I2C hanging with SDA and SCL both high, ARB_LOST & TIMEOUT forever status

Status
Not open for further replies.

bboyes

Well-known member
So admittedly I am abusing the I2C bus, that's the point. I'm trying to make it fail and then self-correct.
See message #502 in the i2c_t3 thread for more context. In my slightly modified i2c_t3, I2C_AUTO_RETRY is enabled and I can see how many times resetBus has been executed.

I was running the PCA9548A_Test program (github code and readme about hardware in use), and decided I needed pullups on all the mux SDA outputs. Naturally I did this while the test was running. I triggered these errors, see below. What I expected was TIMEOUT would trigger the retry and resetBus would fix things. This did not happen, though resetBus did execute - but only once.

Code:
et:9185  Good:42391361  4616/sec
et:9186  Good:42395969  4616/sec
et:9187  Good:42400577  4616/sec
simple test in middle of write/read loop failed with return of 0x04: I2C_TIMEOUT
control write failed with return of 0x07: I2C_ARB_LOST
et:9188  Good:42401594  4616/sec  bad:2  busReset: 1
control write failed with return of 0x04: I2C_TIMEOUT
control write failed with return of 0x07: I2C_ARB_LOST
et:9189  Good:42401594  4615/sec  bad:4  busReset: 1
control write failed with return of 0x04: I2C_TIMEOUT
control write failed with return of 0x07: I2C_ARB_LOST

In the i2c_t3.cpp source code, the only applicable place ARB_LOST status gets set (sendTransmission, I am doing a write) is line 1011:
Code:
            // check arbitration
            if(status & I2C_S_ARBL)
            {
                i2c->currentStatus = I2C_ARB_LOST;
                *(i2c->S) = I2C_S_ARBL; // clear arbl flag
                // TODO: this is clearly not right, after ARBL it should drop into IMM slave mode if IAAS=1
                //       Right now Rx message would be ignored regardless of IAAS
                *(i2c->C1) = I2C_C1_IICEN; // change to Rx mode, intr disabled (does this send STOP if ARBL flagged?)
                return;
            }
This is a single-master system. Did I mention SDA and SCL are both high during all this time? So the Teensy master is not attempting to drive SCL. Interesting TODO there...

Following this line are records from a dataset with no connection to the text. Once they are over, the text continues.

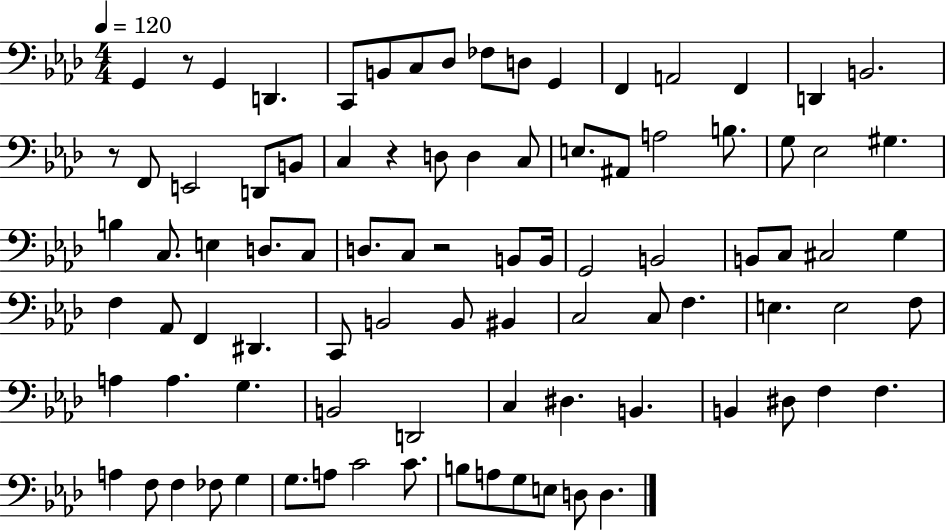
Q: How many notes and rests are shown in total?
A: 90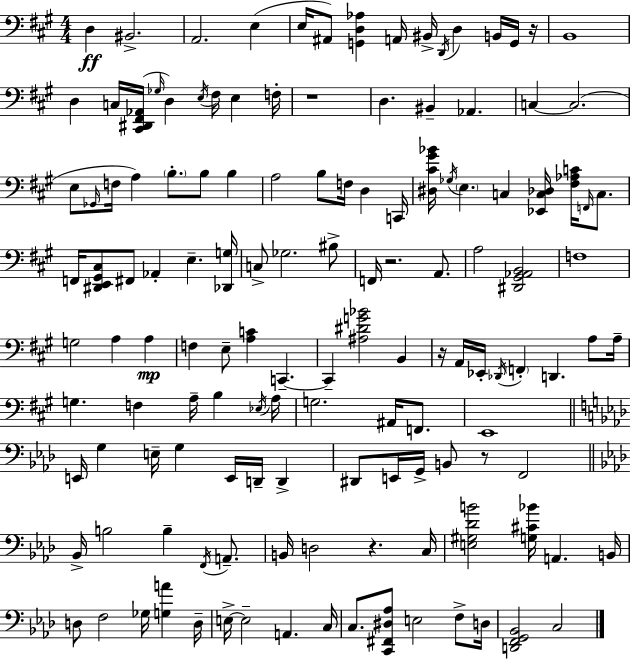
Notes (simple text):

D3/q BIS2/h. A2/h. E3/q E3/s A#2/e [G2,D3,Ab3]/q A2/s BIS2/s D2/s D3/q B2/s G2/s R/s B2/w D3/q C3/s [C#2,D#2,F#2,Ab2]/s Gb3/s D3/q E3/s F#3/s E3/q F3/s R/w D3/q. BIS2/q Ab2/q. C3/q C3/h. E3/e Gb2/s F3/s A3/q B3/e. B3/e B3/q A3/h B3/e F3/s D3/q C2/s [D#3,C#4,G#4,Bb4]/s Gb3/s E3/q. C3/q [Eb2,C3,Db3]/s [F#3,Ab3,C4]/s F2/s C3/e. F2/s [D#2,E2,G#2,C#3]/e F#2/e Ab2/q E3/q. [Db2,G3]/s C3/e Gb3/h. BIS3/e F2/s R/h. A2/e. A3/h [D#2,G#2,Ab2,B2]/h F3/w G3/h A3/q A3/q F3/q E3/e [A3,C4]/q C2/q. C2/q [A#3,D#4,G4,Bb4]/h B2/q R/s A2/s Eb2/s Db2/s F2/q D2/q. A3/e A3/s G3/q. F3/q A3/s B3/q Eb3/s A3/s G3/h. A#2/s F2/e. E2/w E2/s G3/q E3/s G3/q E2/s D2/s D2/q D#2/e E2/s G2/s B2/e R/e F2/h Bb2/s B3/h B3/q F2/s A2/e. B2/s D3/h R/q. C3/s [E3,G#3,Db4,B4]/h [G3,C#4,Bb4]/s A2/q. B2/s D3/e F3/h Gb3/s [G3,A4]/q D3/s E3/s E3/h A2/q. C3/s C3/e. [C2,F#2,D#3,Ab3]/e E3/h F3/e D3/s [D2,F2,G2,Bb2]/h C3/h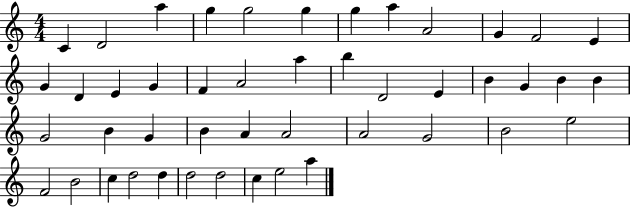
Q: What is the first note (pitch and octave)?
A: C4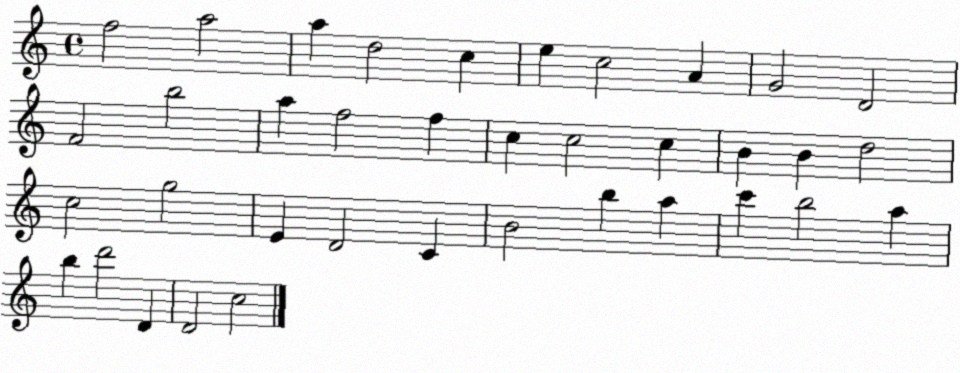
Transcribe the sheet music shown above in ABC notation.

X:1
T:Untitled
M:4/4
L:1/4
K:C
f2 a2 a d2 c e c2 A G2 D2 F2 b2 a f2 f c c2 c B B d2 c2 g2 E D2 C B2 b a c' b2 a b d'2 D D2 c2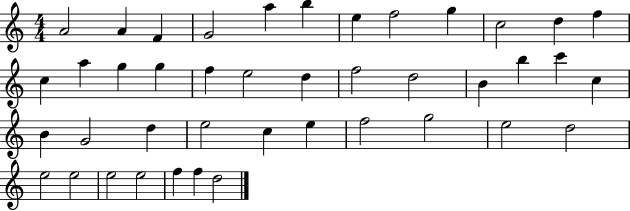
X:1
T:Untitled
M:4/4
L:1/4
K:C
A2 A F G2 a b e f2 g c2 d f c a g g f e2 d f2 d2 B b c' c B G2 d e2 c e f2 g2 e2 d2 e2 e2 e2 e2 f f d2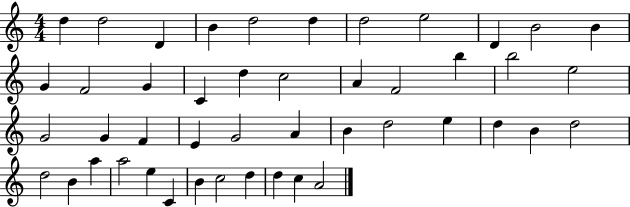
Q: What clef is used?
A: treble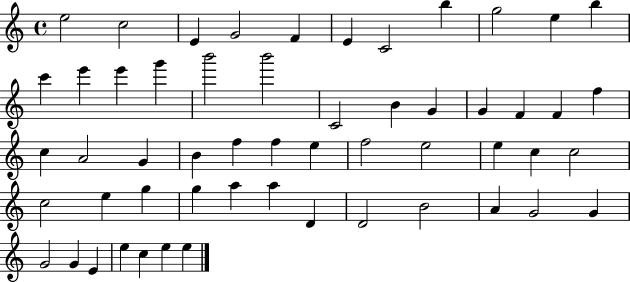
E5/h C5/h E4/q G4/h F4/q E4/q C4/h B5/q G5/h E5/q B5/q C6/q E6/q E6/q G6/q B6/h B6/h C4/h B4/q G4/q G4/q F4/q F4/q F5/q C5/q A4/h G4/q B4/q F5/q F5/q E5/q F5/h E5/h E5/q C5/q C5/h C5/h E5/q G5/q G5/q A5/q A5/q D4/q D4/h B4/h A4/q G4/h G4/q G4/h G4/q E4/q E5/q C5/q E5/q E5/q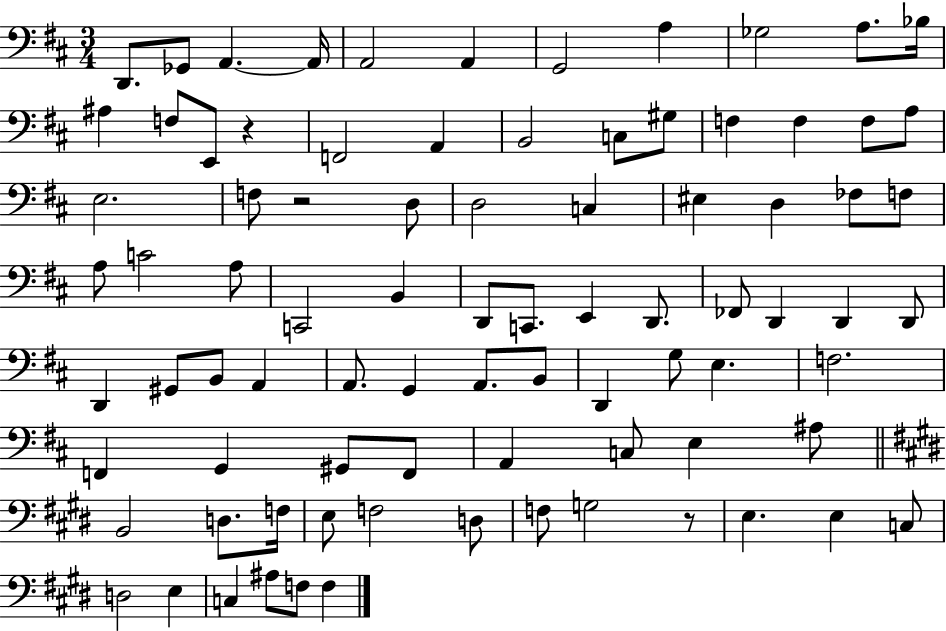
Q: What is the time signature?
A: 3/4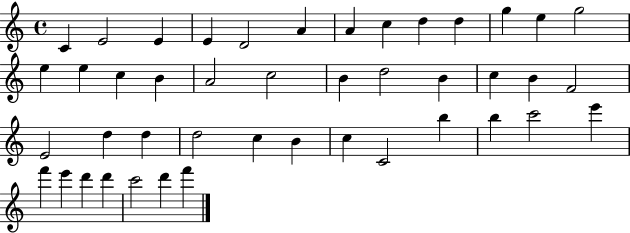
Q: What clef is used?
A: treble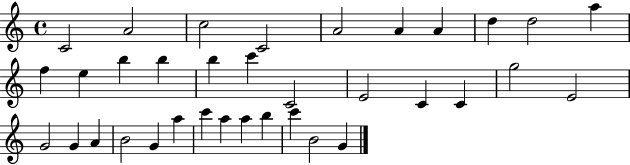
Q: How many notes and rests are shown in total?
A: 35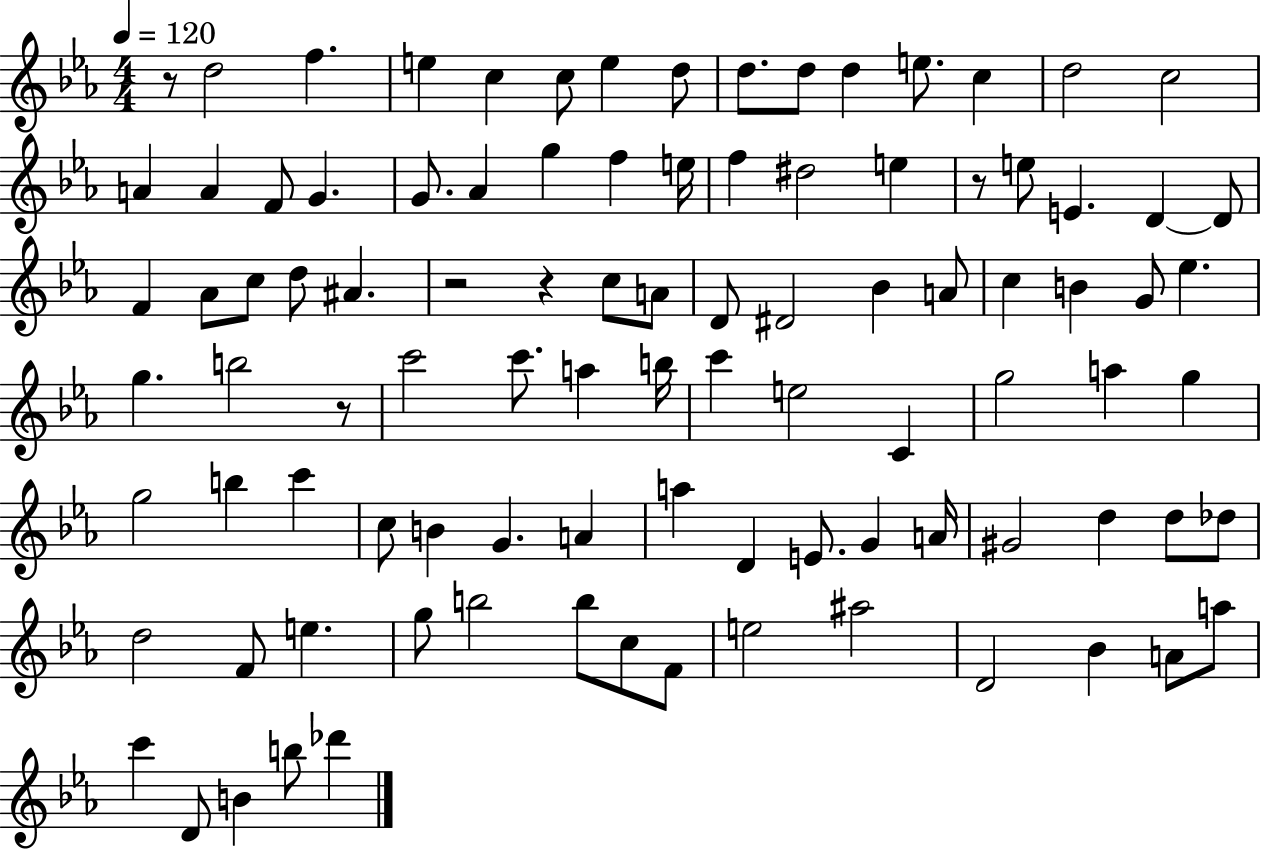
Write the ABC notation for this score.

X:1
T:Untitled
M:4/4
L:1/4
K:Eb
z/2 d2 f e c c/2 e d/2 d/2 d/2 d e/2 c d2 c2 A A F/2 G G/2 _A g f e/4 f ^d2 e z/2 e/2 E D D/2 F _A/2 c/2 d/2 ^A z2 z c/2 A/2 D/2 ^D2 _B A/2 c B G/2 _e g b2 z/2 c'2 c'/2 a b/4 c' e2 C g2 a g g2 b c' c/2 B G A a D E/2 G A/4 ^G2 d d/2 _d/2 d2 F/2 e g/2 b2 b/2 c/2 F/2 e2 ^a2 D2 _B A/2 a/2 c' D/2 B b/2 _d'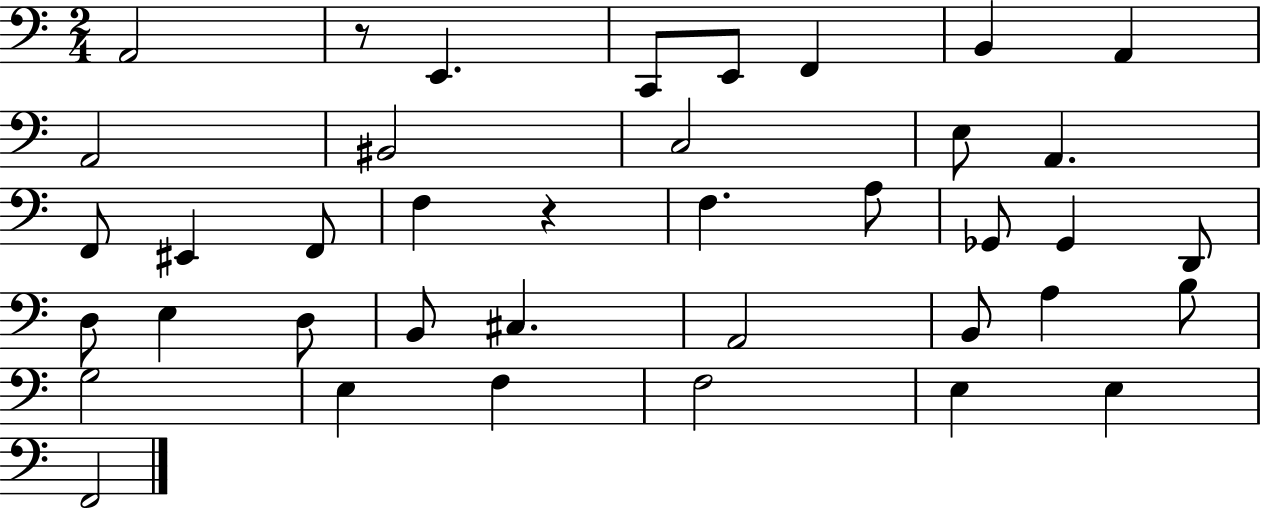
X:1
T:Untitled
M:2/4
L:1/4
K:C
A,,2 z/2 E,, C,,/2 E,,/2 F,, B,, A,, A,,2 ^B,,2 C,2 E,/2 A,, F,,/2 ^E,, F,,/2 F, z F, A,/2 _G,,/2 _G,, D,,/2 D,/2 E, D,/2 B,,/2 ^C, A,,2 B,,/2 A, B,/2 G,2 E, F, F,2 E, E, F,,2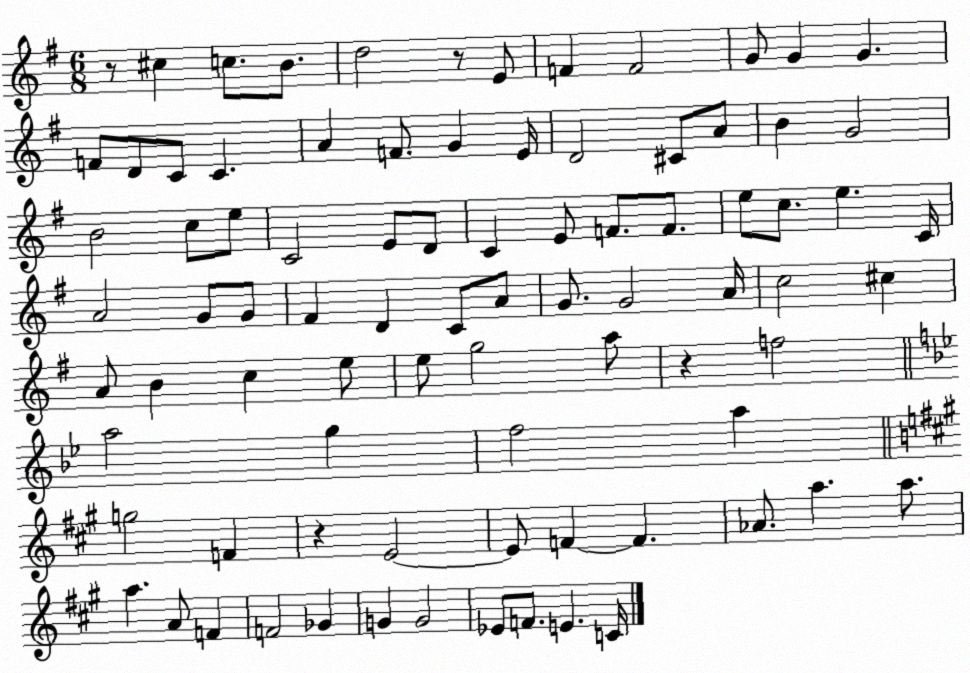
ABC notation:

X:1
T:Untitled
M:6/8
L:1/4
K:G
z/2 ^c c/2 B/2 d2 z/2 E/2 F F2 G/2 G G F/2 D/2 C/2 C A F/2 G E/4 D2 ^C/2 A/2 B G2 B2 c/2 e/2 C2 E/2 D/2 C E/2 F/2 F/2 e/2 c/2 e C/4 A2 G/2 G/2 ^F D C/2 A/2 G/2 G2 A/4 c2 ^c A/2 B c e/2 e/2 g2 a/2 z f2 a2 g f2 a g2 F z E2 E/2 F F _A/2 a a/2 a A/2 F F2 _G G G2 _E/2 F/2 E C/4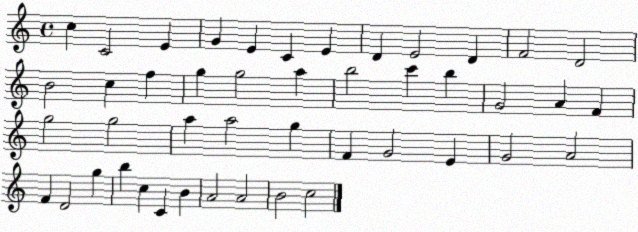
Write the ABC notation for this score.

X:1
T:Untitled
M:4/4
L:1/4
K:C
c C2 E G E C E D E2 D F2 D2 B2 c f g g2 a b2 c' b G2 A F g2 g2 a a2 g F G2 E G2 A2 F D2 g b c C B A2 A2 B2 c2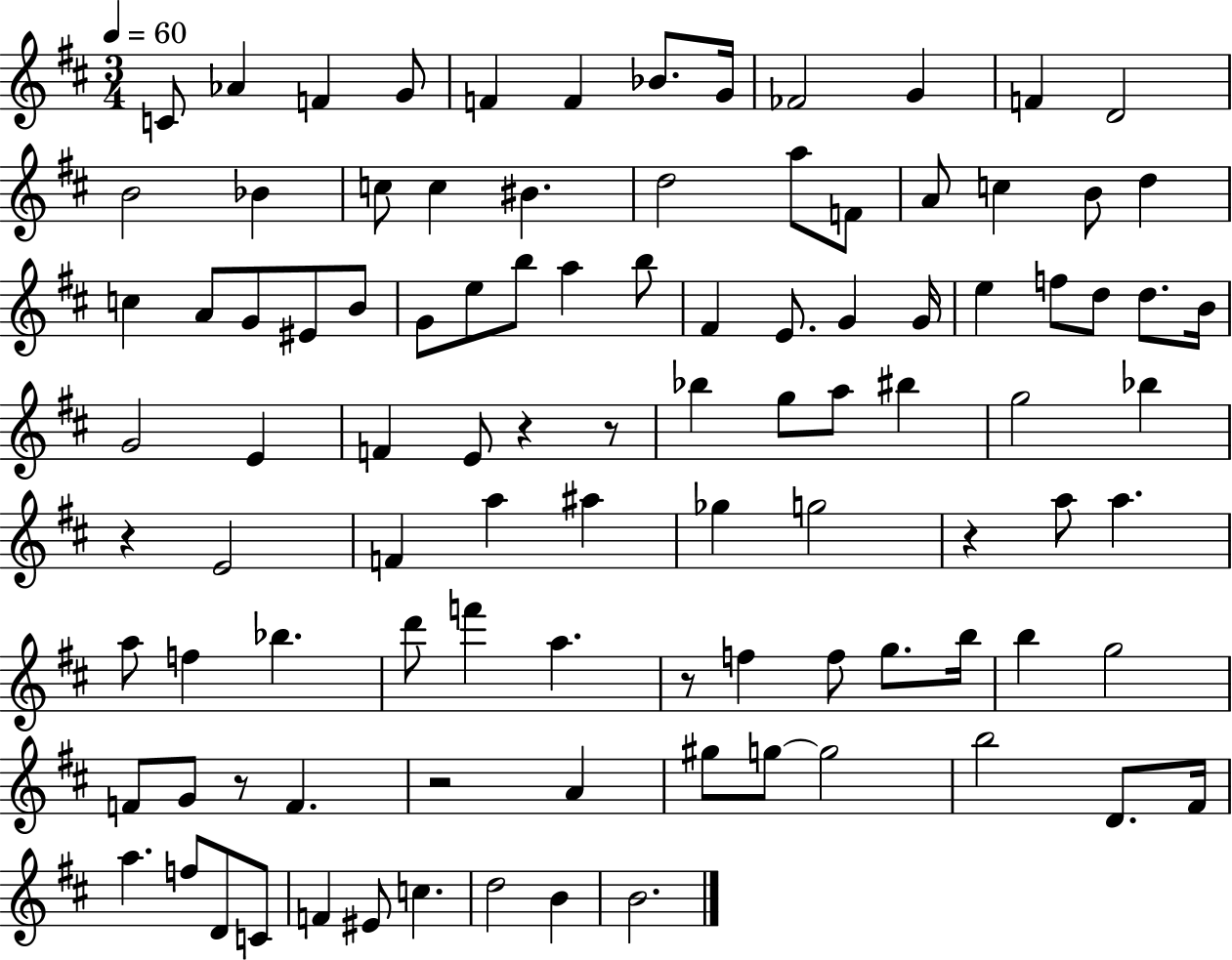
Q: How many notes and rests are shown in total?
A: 100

I reset Teensy via TyQt and surprisingly it then was able to run OK with no further error in startup or init. So it seems the PCA9548A was not the culprit (makes sense: the slave can't drive either SCL or SDA high), it was apparently Teensy which thought it can't drive SCL for some reason. From the comments above it looks like mode gets changed to receive, but then Teensy should still drive the SCL, and call resetBus() if TIMEOUT happens.

TIMEOUT does repeatedly happen so why is resetBus() not called? If I understand the code around line 795, it might be because Teensy thinks it is not the master.

In the meantime I am going to add ability to call resetBus() from my test program command line interface. I'm also changing to Wire.setDefaultTimeout(10000); though 10 msec seems over long, I saw that in the i2C_t3 example code somewhere.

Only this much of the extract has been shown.